Papers & Publications
Abstract:
Test-time scaling is a promising new approach to language modeling that uses extra test-time compute to improve performance. Recently, OpenAI's o1 model showed this capability but did not publicly share its methodology, leading to many replication efforts. We seek the simplest approach to achieve test-time scaling and strong reasoning performance. First, we curate a small dataset s1K of 1,000 questions paired with reasoning traces relying on three criteria we validate through ablations: difficulty, diversity, and quality. Second, we develop budget forcing to control test-time compute by forcefully terminating the model's thinking process or lengthening it by appending "Wait" multiple times to the model's generation when it tries to end. This can lead the model to double-check its answer, often fixing incorrect reasoning steps. After supervised finetuning the Qwen2.5-32B-Instruct language model on s1K and equipping it with budget forcing, our model s1-32B exceeds o1-preview on competition math questions by up to 27% (MATH and AIME24). Further, scaling s1-32B with budget forcing allows extrapolating beyond its performance without test-time intervention: from 50% to 57% on AIME24.
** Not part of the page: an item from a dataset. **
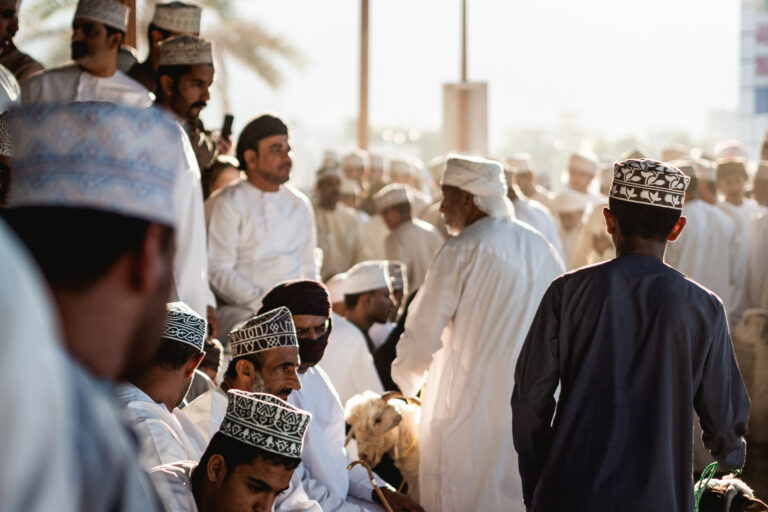 Omani men and children gathered around livestock at Nizwa’s historic market.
Reinforcement Learning for Long-Horizon Interactive LLM Agents
Abstract:
Interactive digital agents (IDAs) leverage APIs of stateful digital environments to perform tasks in response to user requests. While IDAs powered by instruction-tuned large language models (LLMs) can react to feedback from interface invocations in multi-step exchanges, they have not been trained in their respective digital environments. Prior methods accomplish less than half of tasks in sophisticated benchmarks such as AppWorld. We present a reinforcement learning (RL) approach that trains IDAs directly in their target environments. We formalize this training as a partially observable Markov decision process and derive LOOP, a data- and memory-efficient variant of proximal policy optimization. LOOP uses no value network and maintains exactly one copy of the underlying LLM in memory, making its implementation straightforward and as memory-efficient as fine-tuning a single LLM. A 32-billion-parameter agent trained with LOOP in the AppWorld environment outperforms the much larger OpenAI o1 agent by 9 percentage points (15% relative). To our knowledge, this is the first reported application of RL to IDAs that interact with a stateful, multi-domain, multi-app environment via direct API calls. Our analysis sheds light on the effectiveness of RL in this area, showing that the agent learns to consult the API documentation, avoid unwarranted assumptions, minimize confabulation, and recover from setbacks.